The third stage of my right honourable friend's task, which has occupied the past twelve months, was to reduce the defence budget in 1970–71 to about £1,900 million at 1964 prices; that is, about £500 million less than the programme we inherited—and goodness knows! how much that £500 million would have been when the escalation set in in those long-delayed aircraft—and £200 million less than the cost of the programme as it stood in mid-1966. In achieving this further cut, we had also to make the largest possible savings in overseas stationing costs, though these had already been cut by a quarter as compared with the previous Administration's programme.

To achieve further savings of this size obviously entailed making some cuts in overseas commitments. My right honourable friend has explained in the White Paper how the cuts in our forces overseas will be made. The policy we have developed on defence has not only marked out a course which will progressively reduce the foreign exchange burden to a size well within what we can afford, but has enabled us to make substantial savings in the short term despite criticisms opposite of each and every one of the plans devised. No coherent alternative solution has been offered by the noble Earl or any other spokesman opposite, either here or in another place, by which our stationing costs overseas could be reduced. Of course I except, perhaps, some of the ex-cathedrâ pronouncements by their own defence spokesman which seem to have been designed to embarrass the Opposition rather than the Government.
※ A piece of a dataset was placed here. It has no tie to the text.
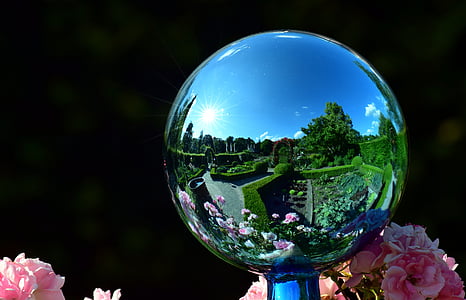 close-up photo of ball reflecting topiary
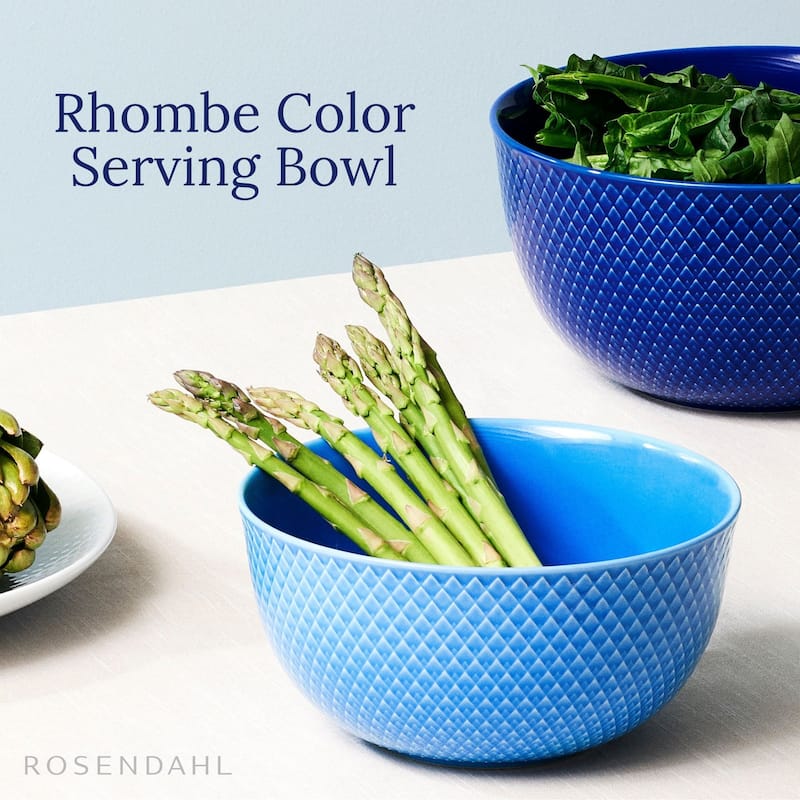 Lyngby Porcelain Rhombe Color Serving Bowl - 6.9" D x 3.5" H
Criticism has been made in particular of our decisions with regard to the Far East. I should like to quote from some- thing that was said not so long ago which I believe sums up reasonably accurately the policy of the Government in regard to the Far East. After talking about the need to create regional agreements and a viable political environment in the area, these are the words that were uttered: It seems to me that on this basis it might well be possible to recast the whole of Britain's defence commitments in the Far East. We should still contribute our share to the protection and guarantee of our allies in that area, and a new era of self-reliance for the Asian nations would develop. We should still retain a military capability in the Far East: the ability to reinforce with air power and an amphibious force capable of showing a British presence in that part of the world, and useful not only for the support of the Asian SEATO but for international disorders and keeping the peace, and showing the flag in those areas of the Pacific for which we still have responsibility."—[OFFICIAL REPORT, cols. 834–5, 2/5/67.] That, I think, reasonably represents the views of Her Majesty's Government. The only thing is that on this occasion they were said only two months ago, not by conjuror Healey but by conjuror Carrington. I beg to move.

Amendment moved— Leave out all words after ("House") and insert ("approves the proposals in Command Paper 3357 and welcomes the realistic view taken therein of Britain's commitments and capabilities, the plans made for the re-equipment of the three Services, and the substantial financial savings which will be achieved.")—(Lord Shackleton.)